- [The problem]: Reply with one number, the count of lines below that contain the string "Best".
********
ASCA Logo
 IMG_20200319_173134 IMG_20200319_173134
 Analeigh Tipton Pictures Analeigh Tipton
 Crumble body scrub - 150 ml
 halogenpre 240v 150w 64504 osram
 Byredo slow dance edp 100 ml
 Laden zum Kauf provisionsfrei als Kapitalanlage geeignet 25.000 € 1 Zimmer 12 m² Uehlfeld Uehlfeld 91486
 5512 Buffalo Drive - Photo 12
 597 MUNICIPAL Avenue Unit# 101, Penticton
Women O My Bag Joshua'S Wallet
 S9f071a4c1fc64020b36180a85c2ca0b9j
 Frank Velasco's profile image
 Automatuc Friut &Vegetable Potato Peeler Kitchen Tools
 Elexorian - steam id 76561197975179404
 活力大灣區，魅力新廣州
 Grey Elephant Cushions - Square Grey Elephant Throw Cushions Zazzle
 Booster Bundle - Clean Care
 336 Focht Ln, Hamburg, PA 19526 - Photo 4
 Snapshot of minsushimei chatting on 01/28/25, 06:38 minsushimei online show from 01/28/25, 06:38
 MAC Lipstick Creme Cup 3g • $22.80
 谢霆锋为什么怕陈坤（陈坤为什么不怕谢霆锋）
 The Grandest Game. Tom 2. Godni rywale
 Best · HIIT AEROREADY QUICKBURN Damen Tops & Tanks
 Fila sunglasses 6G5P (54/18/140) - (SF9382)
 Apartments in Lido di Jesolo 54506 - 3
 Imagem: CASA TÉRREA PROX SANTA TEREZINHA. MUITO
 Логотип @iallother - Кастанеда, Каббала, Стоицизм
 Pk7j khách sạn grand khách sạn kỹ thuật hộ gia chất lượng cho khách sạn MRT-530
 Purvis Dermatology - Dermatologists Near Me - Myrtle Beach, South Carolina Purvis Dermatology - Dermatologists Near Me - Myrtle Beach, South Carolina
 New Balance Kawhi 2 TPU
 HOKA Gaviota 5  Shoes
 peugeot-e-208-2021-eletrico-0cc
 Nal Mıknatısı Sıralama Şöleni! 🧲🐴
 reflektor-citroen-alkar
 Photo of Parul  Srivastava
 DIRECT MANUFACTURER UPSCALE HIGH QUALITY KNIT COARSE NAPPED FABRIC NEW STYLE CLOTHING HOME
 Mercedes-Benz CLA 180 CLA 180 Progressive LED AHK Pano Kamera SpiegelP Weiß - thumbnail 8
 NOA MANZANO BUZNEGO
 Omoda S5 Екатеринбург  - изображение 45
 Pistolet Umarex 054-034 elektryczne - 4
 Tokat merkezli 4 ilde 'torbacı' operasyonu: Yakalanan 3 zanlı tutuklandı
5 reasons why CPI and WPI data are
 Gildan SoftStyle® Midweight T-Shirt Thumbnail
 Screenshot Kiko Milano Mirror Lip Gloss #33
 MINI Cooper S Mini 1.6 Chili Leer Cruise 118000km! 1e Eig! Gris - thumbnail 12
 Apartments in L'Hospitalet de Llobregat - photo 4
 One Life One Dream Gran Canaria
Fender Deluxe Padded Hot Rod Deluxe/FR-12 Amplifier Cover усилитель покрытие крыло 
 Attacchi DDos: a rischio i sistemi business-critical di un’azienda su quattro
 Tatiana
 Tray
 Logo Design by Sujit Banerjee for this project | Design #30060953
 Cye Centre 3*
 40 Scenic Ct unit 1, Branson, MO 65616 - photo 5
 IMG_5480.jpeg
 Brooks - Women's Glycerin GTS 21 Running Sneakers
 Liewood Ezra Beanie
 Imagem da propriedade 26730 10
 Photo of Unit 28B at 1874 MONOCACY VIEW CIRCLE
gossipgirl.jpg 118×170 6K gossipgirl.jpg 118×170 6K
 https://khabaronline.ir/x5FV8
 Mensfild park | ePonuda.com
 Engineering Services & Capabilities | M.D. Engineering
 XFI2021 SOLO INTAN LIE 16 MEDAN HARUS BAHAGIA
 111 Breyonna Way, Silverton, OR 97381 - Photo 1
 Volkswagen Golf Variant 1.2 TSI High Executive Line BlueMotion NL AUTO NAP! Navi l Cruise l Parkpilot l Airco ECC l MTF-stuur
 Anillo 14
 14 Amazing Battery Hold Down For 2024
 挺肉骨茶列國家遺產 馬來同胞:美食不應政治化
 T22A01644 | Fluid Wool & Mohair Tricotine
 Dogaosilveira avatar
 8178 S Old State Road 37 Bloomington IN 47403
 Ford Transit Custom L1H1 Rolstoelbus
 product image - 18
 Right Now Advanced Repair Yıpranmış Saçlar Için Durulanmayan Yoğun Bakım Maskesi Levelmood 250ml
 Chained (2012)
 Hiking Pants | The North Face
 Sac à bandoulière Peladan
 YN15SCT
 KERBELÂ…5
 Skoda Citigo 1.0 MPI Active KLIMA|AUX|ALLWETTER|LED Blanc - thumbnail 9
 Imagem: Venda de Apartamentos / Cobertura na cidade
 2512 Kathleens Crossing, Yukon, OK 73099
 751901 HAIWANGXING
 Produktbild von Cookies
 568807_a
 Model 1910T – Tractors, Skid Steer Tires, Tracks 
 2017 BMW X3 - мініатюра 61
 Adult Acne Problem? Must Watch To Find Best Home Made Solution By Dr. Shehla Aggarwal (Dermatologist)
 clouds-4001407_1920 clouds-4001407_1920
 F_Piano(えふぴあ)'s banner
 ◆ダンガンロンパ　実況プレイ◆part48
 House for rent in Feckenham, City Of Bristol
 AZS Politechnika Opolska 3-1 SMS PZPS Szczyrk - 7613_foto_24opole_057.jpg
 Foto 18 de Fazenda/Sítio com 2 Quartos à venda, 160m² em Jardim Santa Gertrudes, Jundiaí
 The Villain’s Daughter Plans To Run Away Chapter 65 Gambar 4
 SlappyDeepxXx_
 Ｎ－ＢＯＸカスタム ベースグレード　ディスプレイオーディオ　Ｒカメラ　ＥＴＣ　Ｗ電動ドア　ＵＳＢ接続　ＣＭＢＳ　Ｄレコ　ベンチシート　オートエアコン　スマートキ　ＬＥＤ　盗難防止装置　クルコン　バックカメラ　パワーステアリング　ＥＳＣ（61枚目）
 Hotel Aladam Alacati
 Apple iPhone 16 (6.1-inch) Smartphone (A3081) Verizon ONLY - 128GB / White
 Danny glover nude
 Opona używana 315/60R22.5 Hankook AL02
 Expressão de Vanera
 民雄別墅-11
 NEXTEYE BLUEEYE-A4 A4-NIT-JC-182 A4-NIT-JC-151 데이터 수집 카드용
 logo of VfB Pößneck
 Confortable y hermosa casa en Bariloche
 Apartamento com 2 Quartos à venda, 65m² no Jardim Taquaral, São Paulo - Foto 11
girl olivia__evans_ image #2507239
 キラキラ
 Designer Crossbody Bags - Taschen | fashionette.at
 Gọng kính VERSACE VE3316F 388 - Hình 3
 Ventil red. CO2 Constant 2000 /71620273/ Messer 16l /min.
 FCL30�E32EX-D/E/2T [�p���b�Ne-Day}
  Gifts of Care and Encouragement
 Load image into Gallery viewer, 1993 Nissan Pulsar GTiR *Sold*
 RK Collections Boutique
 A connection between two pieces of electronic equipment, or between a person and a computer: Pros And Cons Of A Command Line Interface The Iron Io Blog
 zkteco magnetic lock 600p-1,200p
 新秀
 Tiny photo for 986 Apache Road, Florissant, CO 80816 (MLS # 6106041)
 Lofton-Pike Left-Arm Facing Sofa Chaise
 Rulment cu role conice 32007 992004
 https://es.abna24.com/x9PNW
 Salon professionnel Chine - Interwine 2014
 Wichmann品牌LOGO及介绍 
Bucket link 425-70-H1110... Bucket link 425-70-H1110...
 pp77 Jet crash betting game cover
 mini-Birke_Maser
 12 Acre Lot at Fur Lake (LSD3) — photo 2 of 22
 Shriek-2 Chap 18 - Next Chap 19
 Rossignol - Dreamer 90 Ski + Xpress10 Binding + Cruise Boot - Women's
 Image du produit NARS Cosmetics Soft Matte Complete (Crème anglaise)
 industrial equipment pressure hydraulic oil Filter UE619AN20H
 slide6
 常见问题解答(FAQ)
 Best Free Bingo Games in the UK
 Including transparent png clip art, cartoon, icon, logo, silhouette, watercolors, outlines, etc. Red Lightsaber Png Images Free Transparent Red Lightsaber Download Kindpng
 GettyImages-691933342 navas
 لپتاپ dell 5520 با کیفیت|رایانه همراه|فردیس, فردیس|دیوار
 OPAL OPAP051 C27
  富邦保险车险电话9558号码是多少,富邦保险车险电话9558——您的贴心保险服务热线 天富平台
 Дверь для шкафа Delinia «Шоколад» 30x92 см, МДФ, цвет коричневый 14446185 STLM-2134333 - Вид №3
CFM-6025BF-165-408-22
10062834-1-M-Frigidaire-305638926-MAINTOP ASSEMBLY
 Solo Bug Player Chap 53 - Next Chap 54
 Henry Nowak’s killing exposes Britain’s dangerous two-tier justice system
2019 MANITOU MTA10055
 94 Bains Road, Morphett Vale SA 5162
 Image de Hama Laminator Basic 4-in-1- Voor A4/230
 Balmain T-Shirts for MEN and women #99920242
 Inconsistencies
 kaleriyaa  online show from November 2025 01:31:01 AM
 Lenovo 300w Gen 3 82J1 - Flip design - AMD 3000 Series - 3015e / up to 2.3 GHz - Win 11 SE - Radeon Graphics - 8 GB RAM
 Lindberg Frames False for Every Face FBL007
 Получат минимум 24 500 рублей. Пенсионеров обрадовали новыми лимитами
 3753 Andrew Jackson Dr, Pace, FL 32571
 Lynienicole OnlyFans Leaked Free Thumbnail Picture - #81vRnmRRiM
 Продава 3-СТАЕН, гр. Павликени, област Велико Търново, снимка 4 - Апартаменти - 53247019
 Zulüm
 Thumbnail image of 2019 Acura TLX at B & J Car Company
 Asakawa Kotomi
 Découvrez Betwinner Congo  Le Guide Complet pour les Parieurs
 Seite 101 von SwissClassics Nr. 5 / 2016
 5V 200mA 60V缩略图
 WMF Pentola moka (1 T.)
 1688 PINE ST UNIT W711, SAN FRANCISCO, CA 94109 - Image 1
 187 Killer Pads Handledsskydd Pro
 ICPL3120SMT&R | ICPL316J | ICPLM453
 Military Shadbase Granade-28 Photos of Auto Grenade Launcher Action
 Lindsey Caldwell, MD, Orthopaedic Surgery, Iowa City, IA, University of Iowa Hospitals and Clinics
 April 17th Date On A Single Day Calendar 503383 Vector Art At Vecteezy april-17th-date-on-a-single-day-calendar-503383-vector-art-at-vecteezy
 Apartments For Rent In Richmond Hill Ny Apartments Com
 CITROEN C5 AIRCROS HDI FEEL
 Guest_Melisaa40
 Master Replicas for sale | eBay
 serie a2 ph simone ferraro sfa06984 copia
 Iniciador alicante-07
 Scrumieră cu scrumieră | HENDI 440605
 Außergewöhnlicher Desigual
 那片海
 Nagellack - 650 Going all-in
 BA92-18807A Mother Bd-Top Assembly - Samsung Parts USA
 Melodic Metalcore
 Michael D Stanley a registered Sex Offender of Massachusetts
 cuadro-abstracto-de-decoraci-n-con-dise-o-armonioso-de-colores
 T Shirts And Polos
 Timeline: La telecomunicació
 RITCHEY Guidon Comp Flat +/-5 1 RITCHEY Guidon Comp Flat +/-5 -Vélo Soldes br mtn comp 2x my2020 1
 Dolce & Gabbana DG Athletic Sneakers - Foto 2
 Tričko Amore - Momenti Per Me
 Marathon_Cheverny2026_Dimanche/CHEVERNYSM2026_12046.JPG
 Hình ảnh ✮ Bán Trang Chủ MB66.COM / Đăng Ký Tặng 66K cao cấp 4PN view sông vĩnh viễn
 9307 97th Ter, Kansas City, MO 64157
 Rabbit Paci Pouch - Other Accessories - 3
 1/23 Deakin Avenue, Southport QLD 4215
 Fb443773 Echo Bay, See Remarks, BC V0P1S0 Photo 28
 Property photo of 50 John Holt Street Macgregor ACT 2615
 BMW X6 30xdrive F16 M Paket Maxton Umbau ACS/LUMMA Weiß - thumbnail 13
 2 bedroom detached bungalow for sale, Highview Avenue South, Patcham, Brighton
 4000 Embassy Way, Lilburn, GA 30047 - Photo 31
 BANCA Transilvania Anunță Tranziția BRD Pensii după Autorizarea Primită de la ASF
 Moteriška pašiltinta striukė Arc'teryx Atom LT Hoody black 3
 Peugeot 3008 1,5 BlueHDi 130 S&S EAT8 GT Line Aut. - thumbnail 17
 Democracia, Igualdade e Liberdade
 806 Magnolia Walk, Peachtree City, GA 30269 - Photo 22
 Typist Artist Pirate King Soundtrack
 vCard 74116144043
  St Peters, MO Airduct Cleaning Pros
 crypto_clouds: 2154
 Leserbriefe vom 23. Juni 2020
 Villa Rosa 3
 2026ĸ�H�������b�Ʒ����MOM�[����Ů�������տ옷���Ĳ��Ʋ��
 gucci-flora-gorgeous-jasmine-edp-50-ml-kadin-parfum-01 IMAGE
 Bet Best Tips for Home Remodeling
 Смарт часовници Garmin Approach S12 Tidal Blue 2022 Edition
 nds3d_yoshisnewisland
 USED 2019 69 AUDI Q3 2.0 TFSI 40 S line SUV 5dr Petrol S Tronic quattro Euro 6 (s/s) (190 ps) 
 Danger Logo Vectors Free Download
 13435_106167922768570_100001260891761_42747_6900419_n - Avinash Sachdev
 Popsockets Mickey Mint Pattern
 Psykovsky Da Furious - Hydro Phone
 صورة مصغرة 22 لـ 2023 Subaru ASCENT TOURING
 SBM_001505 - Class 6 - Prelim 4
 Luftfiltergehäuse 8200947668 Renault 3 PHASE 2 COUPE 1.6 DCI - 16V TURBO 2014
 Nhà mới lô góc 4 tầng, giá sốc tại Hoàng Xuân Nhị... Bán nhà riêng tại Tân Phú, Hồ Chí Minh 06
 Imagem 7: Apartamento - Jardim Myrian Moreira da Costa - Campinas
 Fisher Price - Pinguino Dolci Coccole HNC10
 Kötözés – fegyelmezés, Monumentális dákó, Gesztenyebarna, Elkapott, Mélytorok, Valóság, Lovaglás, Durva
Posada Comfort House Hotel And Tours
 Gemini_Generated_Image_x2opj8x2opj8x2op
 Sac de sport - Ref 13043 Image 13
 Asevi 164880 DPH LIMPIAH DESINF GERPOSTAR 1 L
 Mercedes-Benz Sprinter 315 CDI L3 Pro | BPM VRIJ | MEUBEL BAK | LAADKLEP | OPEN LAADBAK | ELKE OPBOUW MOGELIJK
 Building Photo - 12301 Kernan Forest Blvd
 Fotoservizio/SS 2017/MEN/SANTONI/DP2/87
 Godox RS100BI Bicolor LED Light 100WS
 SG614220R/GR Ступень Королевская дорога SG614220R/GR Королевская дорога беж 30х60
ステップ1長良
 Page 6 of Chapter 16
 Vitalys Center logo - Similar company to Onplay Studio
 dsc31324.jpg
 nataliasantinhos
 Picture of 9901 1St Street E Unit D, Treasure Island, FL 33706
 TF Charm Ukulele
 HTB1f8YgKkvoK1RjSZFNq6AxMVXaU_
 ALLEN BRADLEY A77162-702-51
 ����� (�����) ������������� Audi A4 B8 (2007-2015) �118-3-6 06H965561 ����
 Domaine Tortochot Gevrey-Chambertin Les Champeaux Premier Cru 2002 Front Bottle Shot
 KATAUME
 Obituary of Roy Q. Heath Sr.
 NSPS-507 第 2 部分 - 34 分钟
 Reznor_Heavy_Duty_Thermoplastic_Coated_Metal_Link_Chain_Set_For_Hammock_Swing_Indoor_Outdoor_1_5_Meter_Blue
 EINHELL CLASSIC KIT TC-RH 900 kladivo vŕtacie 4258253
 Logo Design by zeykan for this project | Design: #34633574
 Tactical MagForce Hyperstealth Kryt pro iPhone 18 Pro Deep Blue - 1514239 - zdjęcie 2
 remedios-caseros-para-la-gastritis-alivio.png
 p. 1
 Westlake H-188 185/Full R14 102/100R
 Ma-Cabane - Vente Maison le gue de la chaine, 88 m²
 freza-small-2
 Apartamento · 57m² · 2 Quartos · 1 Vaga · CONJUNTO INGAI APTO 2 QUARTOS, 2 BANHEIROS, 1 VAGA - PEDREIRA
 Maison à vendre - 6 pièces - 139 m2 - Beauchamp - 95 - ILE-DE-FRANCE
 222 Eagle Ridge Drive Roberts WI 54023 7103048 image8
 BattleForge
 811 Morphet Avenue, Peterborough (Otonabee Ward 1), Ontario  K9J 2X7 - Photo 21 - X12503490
********
- [Answer to this task]: 4